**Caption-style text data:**

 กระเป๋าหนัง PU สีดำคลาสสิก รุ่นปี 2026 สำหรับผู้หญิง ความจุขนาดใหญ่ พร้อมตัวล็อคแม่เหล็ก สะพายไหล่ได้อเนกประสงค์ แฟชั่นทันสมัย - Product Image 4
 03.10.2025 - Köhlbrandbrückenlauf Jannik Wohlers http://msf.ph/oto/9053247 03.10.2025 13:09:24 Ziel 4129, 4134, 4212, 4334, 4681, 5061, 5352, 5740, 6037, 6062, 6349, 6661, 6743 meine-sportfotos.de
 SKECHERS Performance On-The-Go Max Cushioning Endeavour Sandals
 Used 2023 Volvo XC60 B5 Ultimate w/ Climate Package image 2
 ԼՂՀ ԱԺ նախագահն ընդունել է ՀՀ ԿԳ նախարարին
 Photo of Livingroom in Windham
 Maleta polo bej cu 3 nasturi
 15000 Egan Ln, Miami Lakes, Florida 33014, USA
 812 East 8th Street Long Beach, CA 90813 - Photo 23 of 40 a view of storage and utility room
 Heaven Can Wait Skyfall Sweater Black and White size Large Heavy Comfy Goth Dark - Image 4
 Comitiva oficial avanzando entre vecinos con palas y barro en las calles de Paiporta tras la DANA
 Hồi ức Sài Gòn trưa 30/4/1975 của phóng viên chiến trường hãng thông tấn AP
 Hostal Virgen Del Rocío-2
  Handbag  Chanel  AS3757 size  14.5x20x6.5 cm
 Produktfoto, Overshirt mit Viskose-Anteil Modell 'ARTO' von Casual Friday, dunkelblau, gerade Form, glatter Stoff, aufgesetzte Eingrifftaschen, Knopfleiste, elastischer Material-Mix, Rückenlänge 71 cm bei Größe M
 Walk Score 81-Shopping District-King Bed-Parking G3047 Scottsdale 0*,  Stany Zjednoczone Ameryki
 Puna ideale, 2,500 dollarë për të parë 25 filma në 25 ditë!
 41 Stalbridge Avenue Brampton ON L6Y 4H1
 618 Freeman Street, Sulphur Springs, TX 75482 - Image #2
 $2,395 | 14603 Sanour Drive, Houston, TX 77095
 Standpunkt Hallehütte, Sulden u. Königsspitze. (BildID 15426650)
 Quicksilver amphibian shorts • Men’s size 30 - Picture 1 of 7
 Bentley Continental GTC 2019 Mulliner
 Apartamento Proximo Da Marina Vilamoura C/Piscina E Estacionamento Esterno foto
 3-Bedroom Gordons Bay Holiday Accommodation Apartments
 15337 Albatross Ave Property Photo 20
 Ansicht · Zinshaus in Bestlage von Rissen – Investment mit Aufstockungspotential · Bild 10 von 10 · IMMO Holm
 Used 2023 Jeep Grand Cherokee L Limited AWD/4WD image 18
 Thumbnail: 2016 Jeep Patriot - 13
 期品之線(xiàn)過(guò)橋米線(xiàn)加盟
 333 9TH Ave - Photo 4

**Brief:** Line by line, set the records above down again exactly.

**Answer for this exercise:**
 กระเป๋าหนัง PU สีดำคลาสสิก รุ่นปี 2026 สำหรับผู้หญิง ความจุขนาดใหญ่ พร้อมตัวล็อคแม่เหล็ก สะพายไหล่ได้อเนกประสงค์ แฟชั่นทันสมัย - Product Image 4
 03.10.2025 - Köhlbrandbrückenlauf Jannik Wohlers http://msf.ph/oto/9053247 03.10.2025 13:09:24 Ziel 4129, 4134, 4212, 4334, 4681, 5061, 5352, 5740, 6037, 6062, 6349, 6661, 6743 meine-sportfotos.de
 SKECHERS Performance On-The-Go Max Cushioning Endeavour Sandals
 Used 2023 Volvo XC60 B5 Ultimate w/ Climate Package image 2
 ԼՂՀ ԱԺ նախագահն ընդունել է ՀՀ ԿԳ նախարարին
 Photo of Livingroom in Windham
 Maleta polo bej cu 3 nasturi
 15000 Egan Ln, Miami Lakes, Florida 33014, USA
 812 East 8th Street Long Beach, CA 90813 - Photo 23 of 40 a view of storage and utility room
 Heaven Can Wait Skyfall Sweater Black and White size Large Heavy Comfy Goth Dark - Image 4
 Comitiva oficial avanzando entre vecinos con palas y barro en las calles de Paiporta tras la DANA
 Hồi ức Sài Gòn trưa 30/4/1975 của phóng viên chiến trường hãng thông tấn AP
 Hostal Virgen Del Rocío-2
  Handbag  Chanel  AS3757 size  14.5x20x6.5 cm
 Produktfoto, Overshirt mit Viskose-Anteil Modell 'ARTO' von Casual Friday, dunkelblau, gerade Form, glatter Stoff, aufgesetzte Eingrifftaschen, Knopfleiste, elastischer Material-Mix, Rückenlänge 71 cm bei Größe M
 Walk Score 81-Shopping District-King Bed-Parking G3047 Scottsdale 0*,  Stany Zjednoczone Ameryki
 Puna ideale, 2,500 dollarë për të parë 25 filma në 25 ditë!
 41 Stalbridge Avenue Brampton ON L6Y 4H1
 618 Freeman Street, Sulphur Springs, TX 75482 - Image #2
 $2,395 | 14603 Sanour Drive, Houston, TX 77095
 Standpunkt Hallehütte, Sulden u. Königsspitze. (BildID 15426650)
 Quicksilver amphibian shorts • Men’s size 30 - Picture 1 of 7
 Bentley Continental GTC 2019 Mulliner
 Apartamento Proximo Da Marina Vilamoura C/Piscina E Estacionamento Esterno foto
 3-Bedroom Gordons Bay Holiday Accommodation Apartments
 15337 Albatross Ave Property Photo 20
 Ansicht · Zinshaus in Bestlage von Rissen – Investment mit Aufstockungspotential · Bild 10 von 10 · IMMO Holm
 Used 2023 Jeep Grand Cherokee L Limited AWD/4WD image 18
 Thumbnail: 2016 Jeep Patriot - 13
 期品之線(xiàn)過(guò)橋米線(xiàn)加盟
 333 9TH Ave - Photo 4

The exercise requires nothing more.